- **Source records**
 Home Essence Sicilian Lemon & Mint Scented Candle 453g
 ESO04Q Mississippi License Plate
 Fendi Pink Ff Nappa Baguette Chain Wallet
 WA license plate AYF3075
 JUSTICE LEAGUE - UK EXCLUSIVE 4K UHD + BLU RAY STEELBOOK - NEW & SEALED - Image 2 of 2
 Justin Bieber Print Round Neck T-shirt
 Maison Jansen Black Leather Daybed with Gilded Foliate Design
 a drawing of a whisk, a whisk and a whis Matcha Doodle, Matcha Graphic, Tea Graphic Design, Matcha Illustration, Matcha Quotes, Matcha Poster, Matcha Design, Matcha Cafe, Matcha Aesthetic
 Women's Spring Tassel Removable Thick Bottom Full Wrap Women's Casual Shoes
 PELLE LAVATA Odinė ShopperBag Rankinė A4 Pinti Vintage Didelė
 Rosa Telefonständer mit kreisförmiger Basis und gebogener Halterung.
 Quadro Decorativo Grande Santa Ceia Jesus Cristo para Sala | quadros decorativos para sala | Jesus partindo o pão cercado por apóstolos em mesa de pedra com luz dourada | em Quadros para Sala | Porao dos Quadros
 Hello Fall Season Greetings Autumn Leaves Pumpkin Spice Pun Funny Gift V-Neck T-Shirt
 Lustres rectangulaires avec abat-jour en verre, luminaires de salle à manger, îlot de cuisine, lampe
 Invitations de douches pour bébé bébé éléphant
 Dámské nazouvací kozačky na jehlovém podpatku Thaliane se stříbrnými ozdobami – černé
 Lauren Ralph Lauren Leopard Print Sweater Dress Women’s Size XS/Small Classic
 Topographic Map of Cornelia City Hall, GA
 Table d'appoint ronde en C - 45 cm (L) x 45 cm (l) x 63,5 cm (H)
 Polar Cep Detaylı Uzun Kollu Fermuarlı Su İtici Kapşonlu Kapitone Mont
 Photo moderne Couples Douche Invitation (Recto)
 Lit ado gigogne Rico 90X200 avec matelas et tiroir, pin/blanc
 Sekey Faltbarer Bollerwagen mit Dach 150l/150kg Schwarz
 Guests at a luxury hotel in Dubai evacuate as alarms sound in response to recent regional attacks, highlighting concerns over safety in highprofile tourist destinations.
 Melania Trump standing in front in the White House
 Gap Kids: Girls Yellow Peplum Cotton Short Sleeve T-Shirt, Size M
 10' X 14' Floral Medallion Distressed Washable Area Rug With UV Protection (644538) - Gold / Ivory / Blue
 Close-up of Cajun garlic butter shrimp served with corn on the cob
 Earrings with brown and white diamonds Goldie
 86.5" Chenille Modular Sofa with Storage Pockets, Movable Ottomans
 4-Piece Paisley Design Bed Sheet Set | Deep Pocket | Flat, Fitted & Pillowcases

- **Task statement**
Beginning with the line holding "Quadro Decorativo Grande" and ending with the line holding "Invitations de douches", write out the stretch of material above exactly; add no further lines.

- **The completed task**
 Quadro Decorativo Grande Santa Ceia Jesus Cristo para Sala | quadros decorativos para sala | Jesus partindo o pão cercado por apóstolos em mesa de pedra com luz dourada | em Quadros para Sala | Porao dos Quadros
 Hello Fall Season Greetings Autumn Leaves Pumpkin Spice Pun Funny Gift V-Neck T-Shirt
 Lustres rectangulaires avec abat-jour en verre, luminaires de salle à manger, îlot de cuisine, lampe
 Invitations de douches pour bébé bébé éléphant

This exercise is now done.